Here's the article as it appeared, pretty much...
Thought I'd better post it in case it ever disappeared. Way useful. Thanks to Ron and the mr2oc!
The conversion is relatively simple if you have a parts car. Just switch over the appropriate parts. If you transfer the wiring harness from the manual car from under the dash back to the ECU, you won't have to do any rewiring for the cruise control or clutch safety switch.
Extra tools to buys in addition to normal hand tools:
Toyota Repair Manual or Haynes manual
10 mm deep socket
12 mm deep socket
14 mm deep socket
30 mm socket ½-inch drive (for axle nuts)
10 mm and 12 mm hydraulic nut wrenches
Drill bit (5/16)
A second hydraulic jack
1. 5-speed transmission (which includes the shift lever on the transmission
[selecting bell crank assembly: #3590F & control shift lever: # 33527] and
reverse switch: # 84210).
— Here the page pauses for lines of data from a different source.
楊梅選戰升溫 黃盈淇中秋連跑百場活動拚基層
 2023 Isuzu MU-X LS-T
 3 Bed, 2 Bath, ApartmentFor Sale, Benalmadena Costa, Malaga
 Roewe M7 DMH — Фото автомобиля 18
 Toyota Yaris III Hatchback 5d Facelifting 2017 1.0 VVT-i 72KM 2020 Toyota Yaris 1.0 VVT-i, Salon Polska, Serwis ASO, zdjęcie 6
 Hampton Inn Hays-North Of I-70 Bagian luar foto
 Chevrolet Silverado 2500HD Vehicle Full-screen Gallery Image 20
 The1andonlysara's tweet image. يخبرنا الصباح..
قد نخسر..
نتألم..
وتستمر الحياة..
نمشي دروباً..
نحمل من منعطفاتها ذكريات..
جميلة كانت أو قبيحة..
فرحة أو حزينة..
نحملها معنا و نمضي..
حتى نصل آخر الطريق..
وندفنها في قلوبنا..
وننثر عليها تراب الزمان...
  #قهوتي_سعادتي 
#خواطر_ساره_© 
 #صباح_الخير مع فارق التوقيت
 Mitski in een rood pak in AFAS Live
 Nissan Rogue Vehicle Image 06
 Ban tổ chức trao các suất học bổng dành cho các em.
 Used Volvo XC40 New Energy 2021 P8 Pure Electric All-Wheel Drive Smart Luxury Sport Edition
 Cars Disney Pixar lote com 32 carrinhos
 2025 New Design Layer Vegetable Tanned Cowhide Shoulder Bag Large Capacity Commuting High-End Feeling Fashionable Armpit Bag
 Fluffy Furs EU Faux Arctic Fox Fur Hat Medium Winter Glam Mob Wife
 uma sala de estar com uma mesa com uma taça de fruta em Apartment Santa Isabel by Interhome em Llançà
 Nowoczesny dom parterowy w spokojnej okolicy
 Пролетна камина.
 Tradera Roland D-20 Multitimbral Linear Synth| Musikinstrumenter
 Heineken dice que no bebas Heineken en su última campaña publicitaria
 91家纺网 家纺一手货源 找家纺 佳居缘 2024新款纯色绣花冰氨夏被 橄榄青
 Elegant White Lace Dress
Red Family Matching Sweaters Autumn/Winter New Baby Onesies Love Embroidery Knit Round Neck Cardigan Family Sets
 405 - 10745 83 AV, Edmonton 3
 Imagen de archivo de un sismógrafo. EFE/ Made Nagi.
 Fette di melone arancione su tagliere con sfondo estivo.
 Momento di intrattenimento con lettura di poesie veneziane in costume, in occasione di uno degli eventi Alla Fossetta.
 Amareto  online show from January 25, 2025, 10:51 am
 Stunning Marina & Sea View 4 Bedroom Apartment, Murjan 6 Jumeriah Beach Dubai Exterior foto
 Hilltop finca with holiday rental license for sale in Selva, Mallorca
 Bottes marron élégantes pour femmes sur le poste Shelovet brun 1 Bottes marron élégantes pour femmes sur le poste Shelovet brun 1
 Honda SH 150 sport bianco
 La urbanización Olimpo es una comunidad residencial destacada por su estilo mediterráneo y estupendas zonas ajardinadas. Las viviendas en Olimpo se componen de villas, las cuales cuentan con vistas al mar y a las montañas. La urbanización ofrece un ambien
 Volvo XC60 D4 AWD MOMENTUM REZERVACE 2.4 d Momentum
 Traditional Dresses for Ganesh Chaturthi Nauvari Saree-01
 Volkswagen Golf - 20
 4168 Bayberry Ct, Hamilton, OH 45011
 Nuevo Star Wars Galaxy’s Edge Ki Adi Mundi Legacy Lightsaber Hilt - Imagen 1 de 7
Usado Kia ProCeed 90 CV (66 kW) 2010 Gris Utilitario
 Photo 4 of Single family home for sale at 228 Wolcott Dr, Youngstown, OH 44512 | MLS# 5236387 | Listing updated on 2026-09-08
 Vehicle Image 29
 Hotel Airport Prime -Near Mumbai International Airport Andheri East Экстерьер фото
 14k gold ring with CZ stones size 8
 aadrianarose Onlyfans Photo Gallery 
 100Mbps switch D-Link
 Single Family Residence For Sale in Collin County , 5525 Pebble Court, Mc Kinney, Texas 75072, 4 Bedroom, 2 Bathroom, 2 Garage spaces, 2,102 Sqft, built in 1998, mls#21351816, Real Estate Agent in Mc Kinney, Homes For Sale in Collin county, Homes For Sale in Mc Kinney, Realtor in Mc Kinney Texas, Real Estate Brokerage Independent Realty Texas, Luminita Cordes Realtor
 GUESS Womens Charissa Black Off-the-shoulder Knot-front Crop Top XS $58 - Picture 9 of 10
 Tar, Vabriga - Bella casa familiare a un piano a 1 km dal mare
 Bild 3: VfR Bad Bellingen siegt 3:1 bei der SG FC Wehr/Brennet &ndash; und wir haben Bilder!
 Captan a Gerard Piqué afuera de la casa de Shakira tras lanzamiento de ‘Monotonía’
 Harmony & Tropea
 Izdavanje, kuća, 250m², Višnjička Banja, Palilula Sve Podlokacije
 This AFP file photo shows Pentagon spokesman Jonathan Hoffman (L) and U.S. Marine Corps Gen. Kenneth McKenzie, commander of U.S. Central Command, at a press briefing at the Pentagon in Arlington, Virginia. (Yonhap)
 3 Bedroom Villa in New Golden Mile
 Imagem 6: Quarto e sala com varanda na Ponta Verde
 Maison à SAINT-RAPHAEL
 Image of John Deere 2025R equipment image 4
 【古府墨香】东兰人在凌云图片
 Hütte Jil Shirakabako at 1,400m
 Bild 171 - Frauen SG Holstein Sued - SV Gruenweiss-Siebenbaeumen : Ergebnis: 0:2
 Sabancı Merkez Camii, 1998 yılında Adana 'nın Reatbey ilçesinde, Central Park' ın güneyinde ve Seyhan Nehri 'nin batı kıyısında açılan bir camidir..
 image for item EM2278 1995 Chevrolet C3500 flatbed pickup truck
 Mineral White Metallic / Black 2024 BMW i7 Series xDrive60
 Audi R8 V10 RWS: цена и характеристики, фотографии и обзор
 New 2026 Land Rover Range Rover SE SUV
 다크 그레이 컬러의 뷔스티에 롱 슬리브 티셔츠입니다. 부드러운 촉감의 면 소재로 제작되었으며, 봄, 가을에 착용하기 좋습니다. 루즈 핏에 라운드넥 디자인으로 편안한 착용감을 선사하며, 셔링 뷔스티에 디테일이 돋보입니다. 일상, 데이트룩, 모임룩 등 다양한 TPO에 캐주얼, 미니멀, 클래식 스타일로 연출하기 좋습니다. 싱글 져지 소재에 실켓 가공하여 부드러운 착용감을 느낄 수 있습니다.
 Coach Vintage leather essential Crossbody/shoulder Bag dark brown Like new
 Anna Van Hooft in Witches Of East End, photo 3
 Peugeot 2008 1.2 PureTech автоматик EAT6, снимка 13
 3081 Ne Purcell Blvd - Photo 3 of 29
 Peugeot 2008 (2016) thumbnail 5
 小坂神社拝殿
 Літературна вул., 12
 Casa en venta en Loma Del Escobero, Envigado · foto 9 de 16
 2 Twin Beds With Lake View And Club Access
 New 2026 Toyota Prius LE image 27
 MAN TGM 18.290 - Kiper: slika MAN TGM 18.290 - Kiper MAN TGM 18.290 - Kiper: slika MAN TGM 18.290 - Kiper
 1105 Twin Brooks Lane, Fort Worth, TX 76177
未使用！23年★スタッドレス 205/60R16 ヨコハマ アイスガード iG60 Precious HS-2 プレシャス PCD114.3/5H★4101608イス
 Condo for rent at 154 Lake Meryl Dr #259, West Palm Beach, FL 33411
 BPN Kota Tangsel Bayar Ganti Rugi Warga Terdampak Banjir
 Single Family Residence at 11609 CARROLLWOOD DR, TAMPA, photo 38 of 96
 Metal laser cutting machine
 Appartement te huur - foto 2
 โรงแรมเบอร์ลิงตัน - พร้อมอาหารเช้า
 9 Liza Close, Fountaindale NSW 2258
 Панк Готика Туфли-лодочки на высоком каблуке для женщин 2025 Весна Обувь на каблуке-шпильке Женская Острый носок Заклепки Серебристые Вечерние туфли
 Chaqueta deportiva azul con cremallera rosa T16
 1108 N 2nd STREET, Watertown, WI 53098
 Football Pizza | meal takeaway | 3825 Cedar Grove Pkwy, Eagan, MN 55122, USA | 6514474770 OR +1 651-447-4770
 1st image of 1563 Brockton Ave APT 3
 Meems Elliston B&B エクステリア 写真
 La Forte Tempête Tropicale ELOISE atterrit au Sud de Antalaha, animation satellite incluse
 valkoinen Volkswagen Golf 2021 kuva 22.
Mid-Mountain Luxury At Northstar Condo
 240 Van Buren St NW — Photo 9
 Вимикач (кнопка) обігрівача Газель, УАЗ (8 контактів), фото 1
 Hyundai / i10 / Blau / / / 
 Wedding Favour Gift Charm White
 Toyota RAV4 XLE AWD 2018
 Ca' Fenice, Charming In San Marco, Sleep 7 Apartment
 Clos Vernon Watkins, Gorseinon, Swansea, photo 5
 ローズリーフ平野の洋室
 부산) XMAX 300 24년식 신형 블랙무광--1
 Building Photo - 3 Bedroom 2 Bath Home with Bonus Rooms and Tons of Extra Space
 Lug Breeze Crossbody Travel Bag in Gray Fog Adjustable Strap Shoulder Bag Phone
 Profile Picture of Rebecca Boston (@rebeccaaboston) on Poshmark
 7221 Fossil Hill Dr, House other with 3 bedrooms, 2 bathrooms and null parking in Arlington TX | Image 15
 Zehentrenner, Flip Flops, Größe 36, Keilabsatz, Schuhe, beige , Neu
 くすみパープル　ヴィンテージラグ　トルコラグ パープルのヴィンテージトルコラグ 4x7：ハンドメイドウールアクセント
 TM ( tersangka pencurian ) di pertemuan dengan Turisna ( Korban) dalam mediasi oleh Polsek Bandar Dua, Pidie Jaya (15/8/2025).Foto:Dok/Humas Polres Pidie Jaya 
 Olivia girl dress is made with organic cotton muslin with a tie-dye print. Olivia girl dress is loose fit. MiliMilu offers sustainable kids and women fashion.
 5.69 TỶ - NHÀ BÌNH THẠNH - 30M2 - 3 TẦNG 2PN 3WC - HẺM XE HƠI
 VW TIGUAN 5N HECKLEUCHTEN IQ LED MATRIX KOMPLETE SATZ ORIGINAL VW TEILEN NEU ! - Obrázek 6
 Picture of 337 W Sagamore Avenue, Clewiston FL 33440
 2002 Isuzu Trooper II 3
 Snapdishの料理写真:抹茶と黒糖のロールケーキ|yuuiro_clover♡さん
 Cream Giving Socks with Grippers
You also need clutch release fork: #31240, clutch
release bearing assembly: #31230, release fork ball: # 31236, and clutch release
fork boot: # 31126.
2. Flywheel (may need resurfacing) (Note the early 1985 MR2s have a smaller diameter flywheel and clutch)
3. Master cylinder assembly: # 31410 (consider purchasing a new one)
4. Slave cylinder assembly: # 31470 (consider purchasing a new one)
5. There are five sections of hydraulic lines from master cylinder to slave cylinder and one section for the slave cylinder bleeder.
A. Hydraulic line from the master cylinder to the 90 degree angle fitting: # 31481
B. 90 degree angle fitting between the "L-shaped" line and the long hydraulic line that's beneath the car: # 31481B
C. Clips between long hydraulic line and the line near the slave cylinder that attach the line to the body
D. Flexible hydraulic line: # 31481A
E. Short hydraulic line between flexible line and slave cylinder: # 31482
F. Hydraulic line for slave cyklinder bleeder: # 31407
6. Transmission control cable/Slave cylinder mounting bracket for shift cables that bolts onto the transmission: # 33823 & 33826A
7. Rear transmission mounting bracket (May be the same used on the auto(?))
8. Left and right drive shafts from a car with manual transmission (the drive shafts on the automatic transmission have a smaller constant velocity joint hub and the bolt pattern of the hub won't fit the manual transmission)
9. Shift lever, knob and mounting bracket
10. Shift lever boot (including the rectangular wire)
11. Shift cables (check for wear)
12. Rubber seal for shift cables through firewall (Grommet: # 33821A, Dust retainer: # 33574F)
13. Brake pedal from manual transmission car
14. Clutch pedal assembly: # 31301, and mounting bracket: # 31305
15. All the nuts, bolts, and clips that held all this stuff together
16. Instrument panel and plastic part around it to get rid of the ECT switch (Although you might want to keep the switch for other purposes) and add the volt meter that's on the M/T car's instrument panel
17. ECU from the same year M/T car (1985 and 1986 are the same. The A/T ECU will work without any problems
NEW PARTS BOUGHT:
1. Clutch pressure plate
2. Clutch disc
3. Throwout bearing
4. Transmission fluid
5. Hydraulic brake fluid
6. Electrical connectors
7. Cotter pins for the drive shafts
8. Rear transmission rubber isolator (Good time to inspect/replace all isolators for wear/tears)
The auto MR2 has almost all the attachment points for the conversion already in place. All you have to drill is three holes to mount the master cylinder and the clutch pedal assembly. Fortunately, one of the two panels that make up the firewall already has the hole punched out for the master cylinder and mounting studs. You just have to drill out the second panel to the same diameter.